Dengue classification

The OpenDengue version 1.2 dataset contains reported total case counts with each row corresponding to a unique location and time. Where reported, we include dengue cases at all levels of severity (dengue, dengue with/without warning signs, severe dengue, dengue haemorrhagic fever, dengue shock syndrome, dengue deaths) and methods of confirmation (suspected, probable, clinically confirmed, laboratory confirmed) in the variable “dengue_total”. The corresponding case definition is included in the variable “case_definition_standardised”.

There are different classifications of severity of dengue which change by place and over time34. Different source categories report the case counts with varying levels of disaggregation by disease severity and methods of confirmation. Some sources disaggregate dengue cases by severity or other attributes that may or may not be mutually exclusive, making the total number of dengue cases reported unclear. To resolve this, we followed our dengue classification protocol and systematically measured total cases (Fig. 2). Downstream dengue classifications correspond to possible sequelae of dengue infection; “severe dengue”, “dengue haemorrhagic fever” or “deaths”.

Fig. 2
figure 2

Dengue classification protocol used to determine total dengue case counts in OpenDengue when there was more than one “dengue” or equivalent column at source. Red diamonds represent decision trees, green shaded rectangles data processing stages. See Fig. 1 for context of this protocol within the overall OpenDengue methodology. Figure source: OpenDengue.org.

Cumulative to incident case count conversion in the PAHO PLISA database

The PAHO PLISA platform allows downloads of dengue case count information at a variety of spatial and temporal scales with different case definitions that are not necessarily directly comparable. PAHO only reports cumulative case datasets for “all dengue cases: suspected, probable, confirmed, non-severe and severe cases, and deaths.” Records in this dataset are in incidence format (as opposed to cumulative incidence) because incidence has a temporally fixed denominator e.g. cases 23-29th January as opposed to cases by 29th January and therefore avoids ambiguity over when cases occurred when records are subject to repeated revision (as is common in the PAHO PLISA data).

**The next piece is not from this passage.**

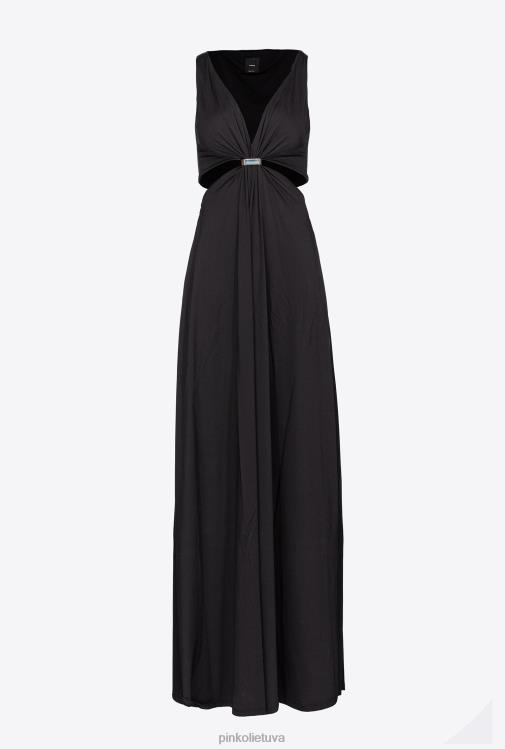 ilgos suknelės | DH06P35 ilga suknele su metaline detale Pinko limuzinas juodas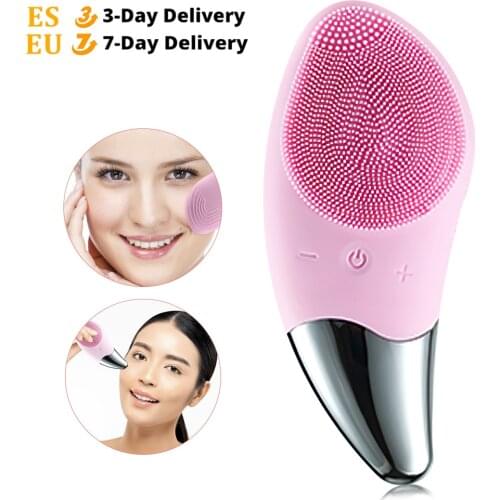 Mini Electric Facial Cleansing Brush Silicone Sonic Face Cleaner Deep Pore Cleaning Skin Massager Face Cleansing Brush Device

The cumulative PAHO PLISA data poses four main challenges that we have worked to resolve. There are frequently large increases in particular weeks of cumulative counts following flat cases or reports of absence. It is unclear if these jumps represent a sudden increase in dengue transmission or heaped reporting. There is revising down of cumulative values over time, as reports mature from revised to finalised status. These would result in negative incident counts for some weeks. There are gaps in cumulative reporting, where it is unclear what the incident counts would be for the intervening weeks. Some countries report no cumulative data, where it is unclear if this is a record of absence of dengue or an absence in reporting. Our solutions to solve each of these issues are detailed in this section and a Rmarkdown file in the OpenDengue Github repository49 provides a detailed step-by-step walkthrough. They include dealing with revising down of data, “zero filling” and imputation (Fig. 3). A small minority of total data records in OpenDengue version 1.2 have gone through these processes (see section “Technical Validation”), meaning impact on regional or national trends are minimal, but may have an influence for analyses of specific time periods. Records that have been processed with these steps can be identified in the dataset by the addition of the suffix “(Zero filling)”, “(Imputed)” to the UUID variable. Users who wish to use alternative methods to impute or zero-fill data can use this identifier to remove these records and implement their own gap filling algorithms of choice. PAHO PLISA portal only permits download of all countries cumulative data sets in a week by week fashion, by moving the epidemiological week slider while selecting all countries. The cumulative dataset has “select epidemiological week” slider options for all available epidemiological weeks of every year. However, the epidemiological week for which information is available/reported can differ from that on the slider. Many countries have missing weeks of data. The extent of missing data varies greatly between countries, and over time. We also downloaded overall national, annual counts for each country (Fig. 3A).

Fig. 3
figure 3

(A) Data processing flow chart for PAHO PLISA data; (B) an example of each stage of the data processing using Argentina 2017 data. Note the original cumulative values in orange for weeks 27–38 are greater than the following week 40, which has been revised down, leading to negative incident counts if included. These are replaced with NA. (C) comparison of incident time series between original and final processed data for Argentina 2017. Asterisks in the bar chart indicate zero dengue cases. Figure source: OpenDengue.org.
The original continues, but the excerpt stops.